- Directions for this task: Starting with the line that contains "Current forecast for", return every line through the end of the listing below exactly as written. Omit the pictures.

- Source data:

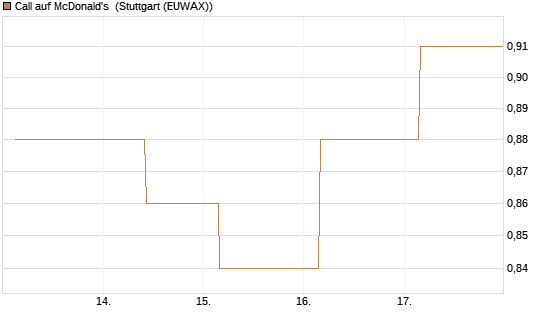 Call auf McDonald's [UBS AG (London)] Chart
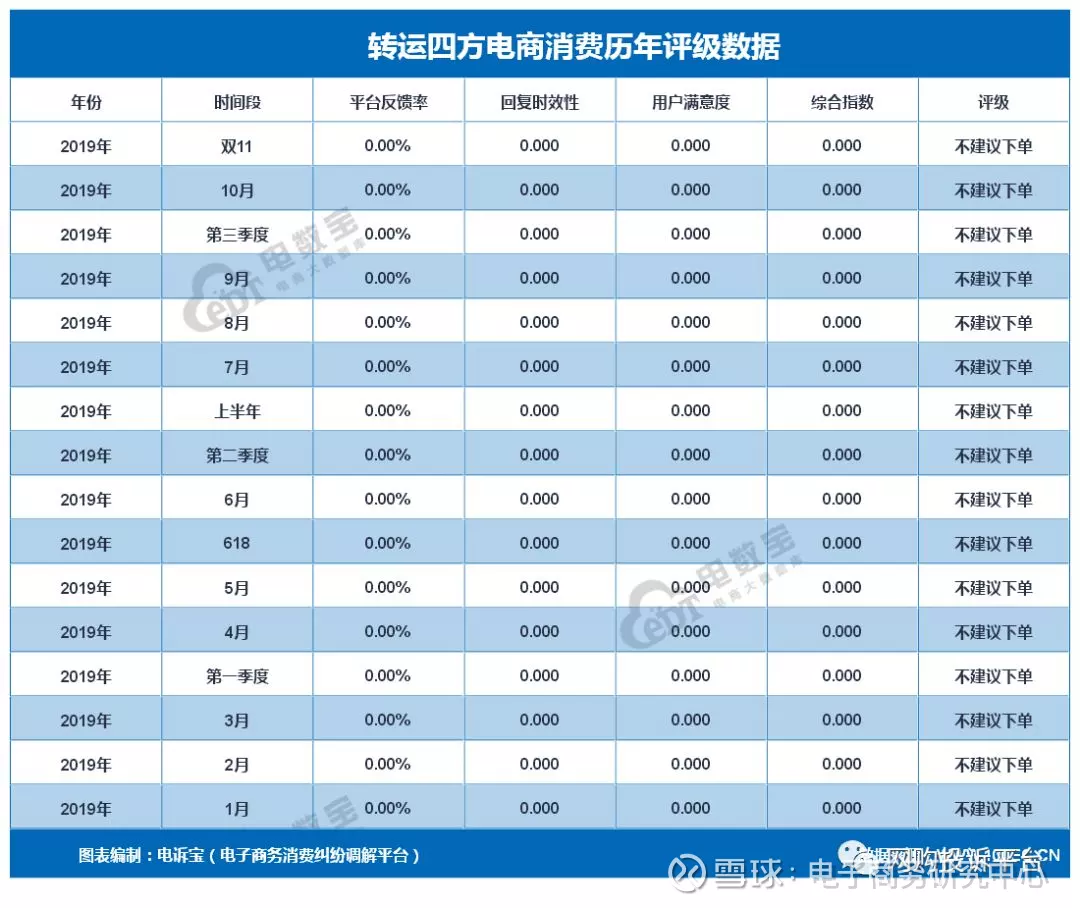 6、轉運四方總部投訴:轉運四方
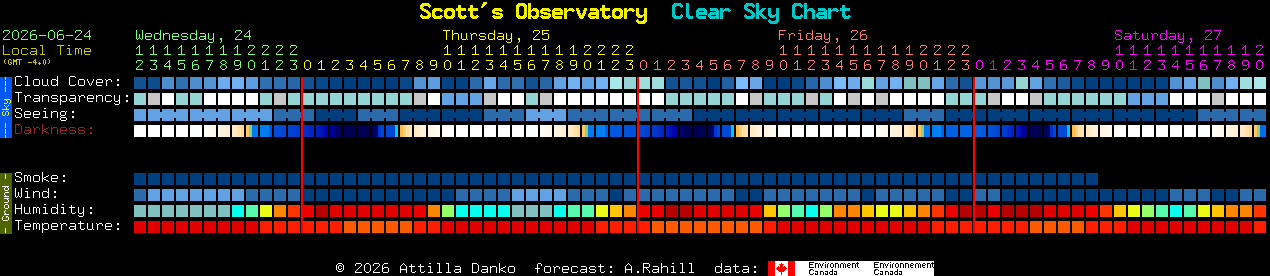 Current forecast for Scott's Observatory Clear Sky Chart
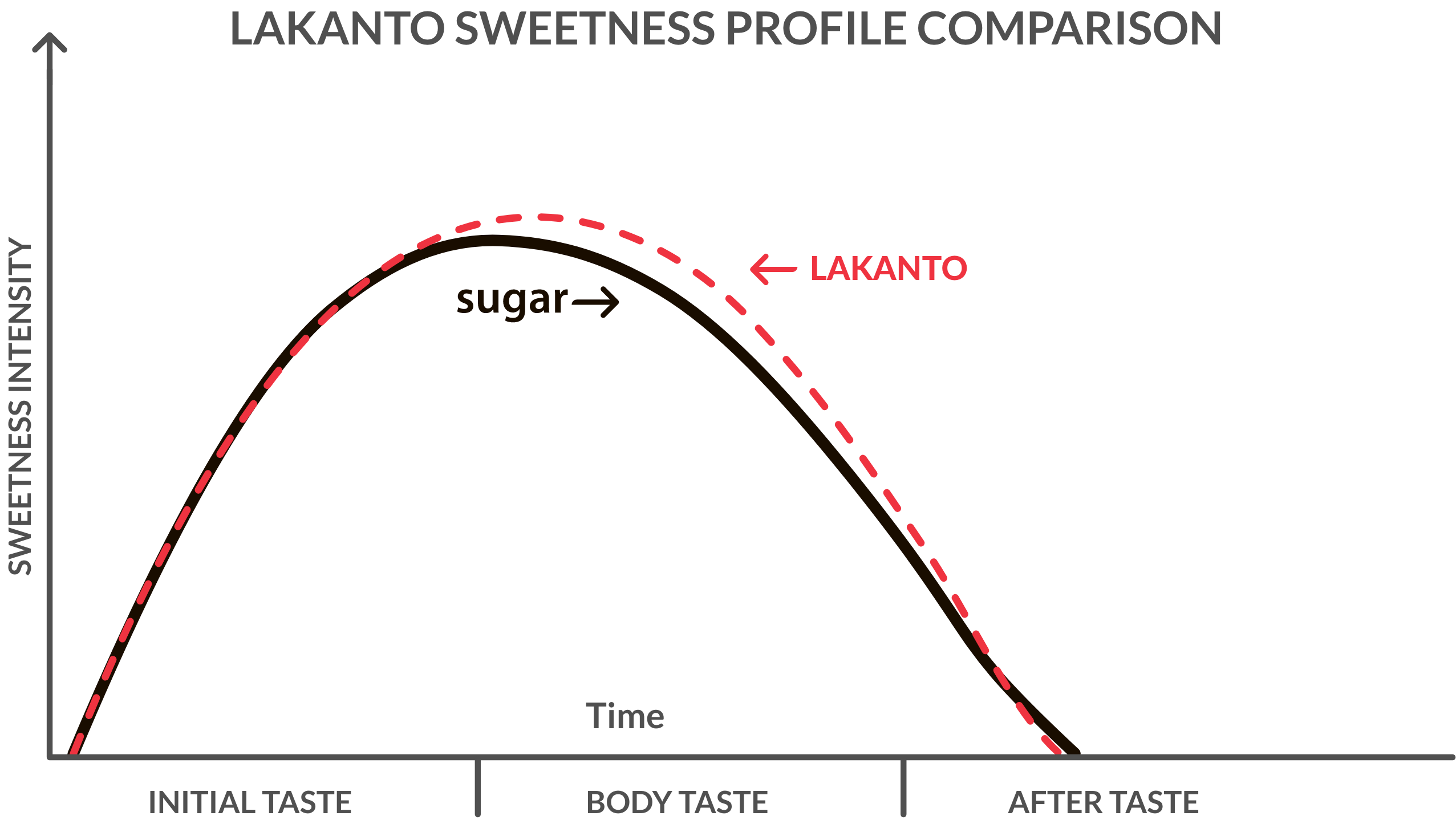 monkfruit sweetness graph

- Your response:
 Current forecast for Scott's Observatory Clear Sky Chart
 monkfruit sweetness graph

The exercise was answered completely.